→ **Provided material**
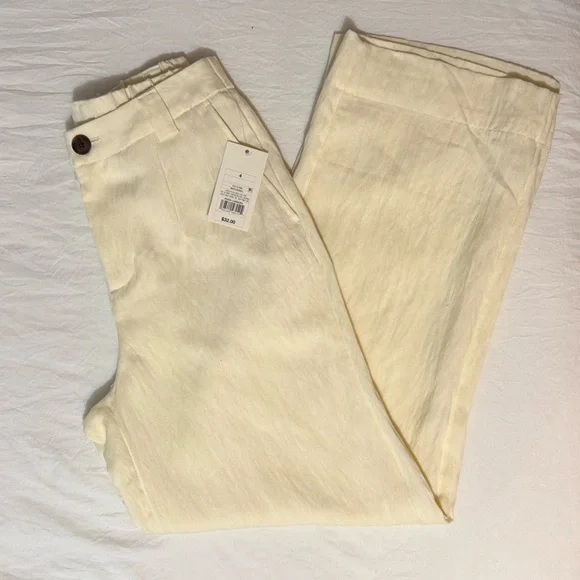 Women’s Cream High-Waisted Wide Leg Trousers - Picture 6 of 8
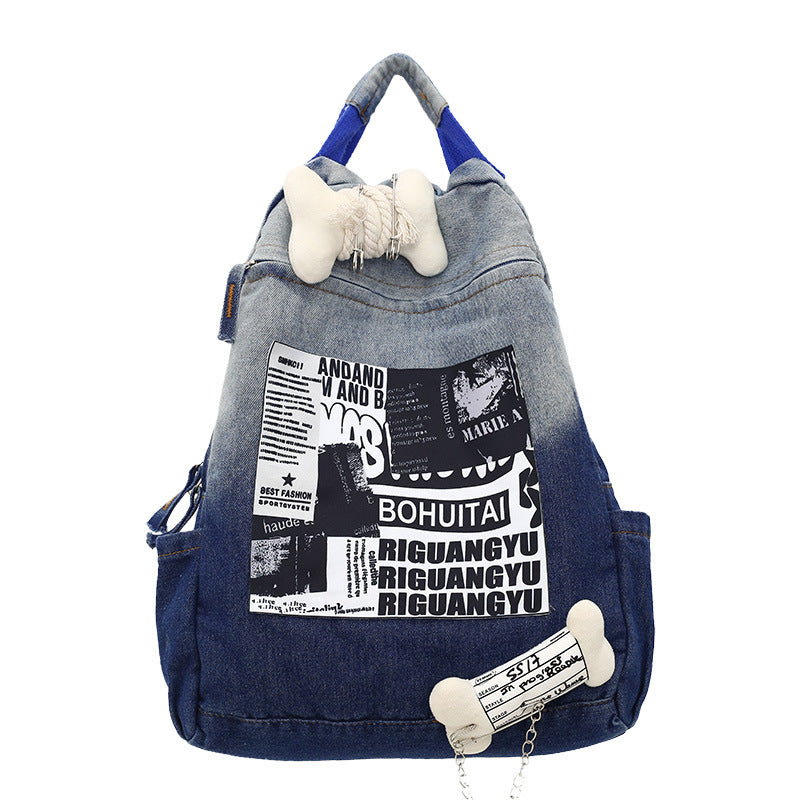Creative Graphic Print Denim School Backpack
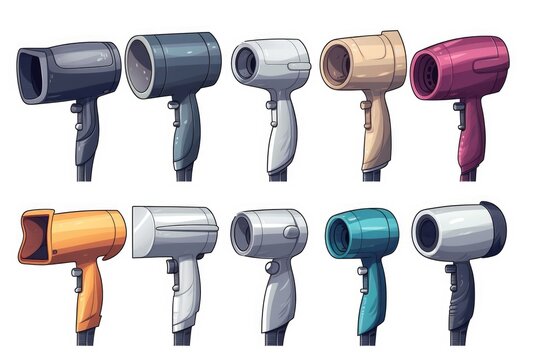 A pile of hair dryers stacked on top of each other. Perfect for beauty salons, hair care product advertisements, and hair styling tutorials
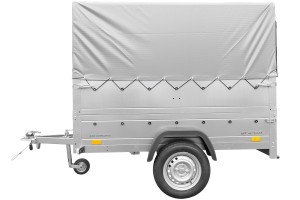 Remorque simple essieu 200×106 avec bâche haute, arceau, rehausses de ridelles et roue jockey – Garden Trailer 200 KIPP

→ **Brief**
Copy needed, without pictures: the lines of the listing above from the line containing "Creative Graphic Print Denim School Backpack" up to and including the line containing "A pile of hair", set down exactly.

→ **Exercise answer**
Creative Graphic Print Denim School Backpack
 A pile of hair dryers stacked on top of each other. Perfect for beauty salons, hair care product advertisements, and hair styling tutorials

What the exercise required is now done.